Mercy and Justice
These two ideas are not normally thought of as going together very well. Justice demands that the full measure of punishment of the law be meted out in punishment for a crime committed. But justice is not simply limited to satisfying the law. Justice includes the need for restitution to be measured out to the one offended by the crime and justice needs to be exercised in such a way that it is a preventative measure in the larger society — that others, who might be considering said crimes of their own, would be turned back to walk on the straight and narrow path.

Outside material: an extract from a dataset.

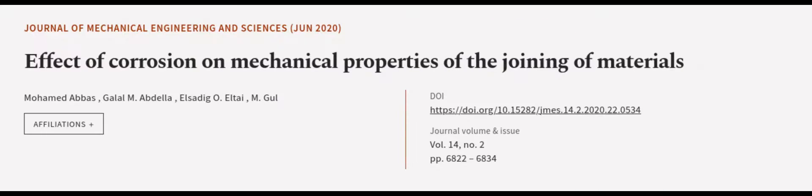This article was authored by Mohamed Abbas, Gayle M. Abdallah, El-Sadig O. El-Tai and others.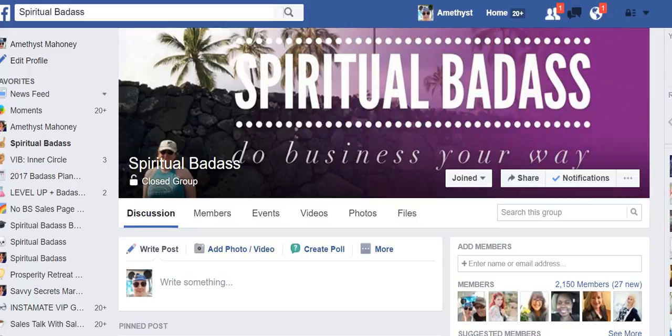Hey guys, it's Amethyst Mahoney of Spiritual Badass, and today I'm going to show you how to get your Facebook live stream and download it so that you can put it on YouTube or Vimeo or something like that. Let's say you did a live stream on your iPhone, Android, iPad, or wherever, and you got to the end and it didn't save it for you — it only posted it onto Facebook — and you're like, how do I get my video from Facebook so I can put it in my newsletter or a blog post?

On the other hand, mercy is usually thought of as one being pardoned from either part or all of the demands of the law. The dictionary ordinarily defines mercy in terms of leniency, forgiveness, and clemency. If we are the accused, we usually think of mercy in terms of a reduced or forgiven judgment.

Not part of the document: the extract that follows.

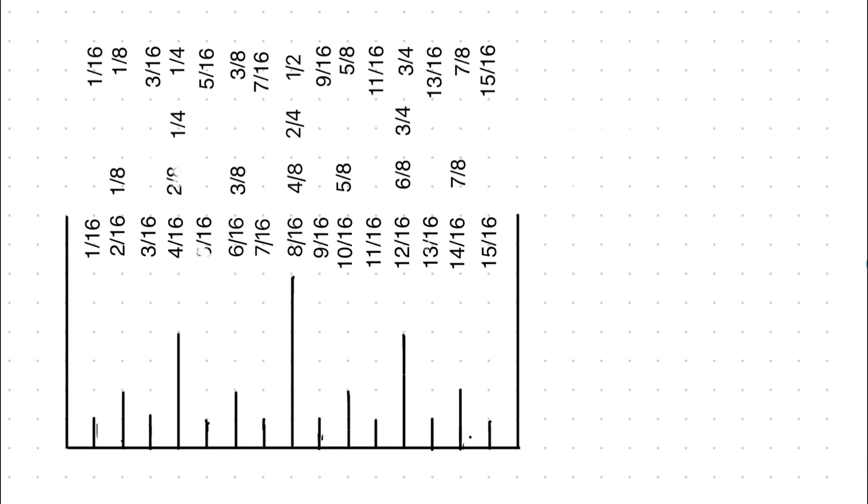I'll say the correct way for you. 1/16th, 1/8th, 3/16ths, 1 quarter, 5/16ths, 3/8ths, 7/16ths, half an inch, 9/16ths, 5/8ths, 11/16ths, 3 quarters, 13/16ths, 7/8ths, 15/16ths.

The funny thing has to do with the balance between them. A good and honorable judge is one that sees that the law is satisfied and obeyed. Yet, if he always punishes crime to the fullest extent of the law, without showing any mercy, he is considered ruthless and domineering. On the other hand, if a judge is always showing mercy, we consider him lax and maybe even corrupt and call for his resignation.
A middle ground can be reached in the American society because the law permits for a range in the sentencing. That way a first offender can be charged differently than a repeat offender and so that the judge may take into account the sincerity of an offender’s repentance. And so, the balance is struck and judges are held accountable by the voters in many cases.

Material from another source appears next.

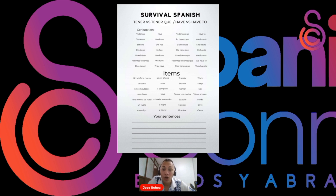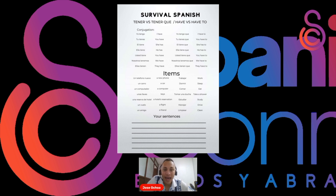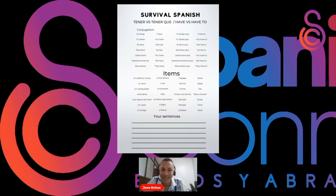For example, TENGO QUE TRABAJAR — I have to work. TENGO QUE ESTUDIAR — I have to study. Or: I have a car — TENGO UN CARRO. I have a phone — TENGO UN TELÉFONO. So, use the conjugation plus the items and create your own sentence.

The problem, though, when you take this idea and extend it from human experience to eternal things is that God, as judge, is not dealing with first-time offenders. We have been sinning since the day we were born — indeed, even since the day we were conceived! Further, God is not dealing with those who are likely not to sin again. We are repeat sinners and habitual sinners who will struggle with sin all of the days of our earthly life. And, God is not dealing with those who only pose a slight threat to society — our sin offends others and tempts others into sin themselves. And, even further than that, God is also dealing with those who have inherited the guilt of their first-parents’ sin. The only righteous punishment is infinite and eternal damnation in the fires of Hell. There is no range in sentencing possible.
So here, it would seem that with respect to the children of Adam, that God (as Judge) has his hands tied. Mercy cannot be accomplished simply as a matter of appealing to a range of sentencing possible within the law. Mercy becomes incompatible with justice.
Yet, is God not a merciful God? Indeed, scripture tells us that he chooses to have mercy on some (Exodus 33:19; Romans 9:15). Yet, how does God maintain his justice? The just punishment of the law must get meted out on a suitable representative for those to whom God has chosen to show mercy. Indeed, he pours it out on his Son, Jesus Christ. Question 11 of the Heidelberg catechism forms the bridge between the woeful state of our fallen souls and the redeeming work accomplished by Christ — the way that God fulfills both the demands of the Law and his choice to show mercy to some — more specifically to those whom he has elected in Christ from the foundations of the World (Ephesians 1:4-5).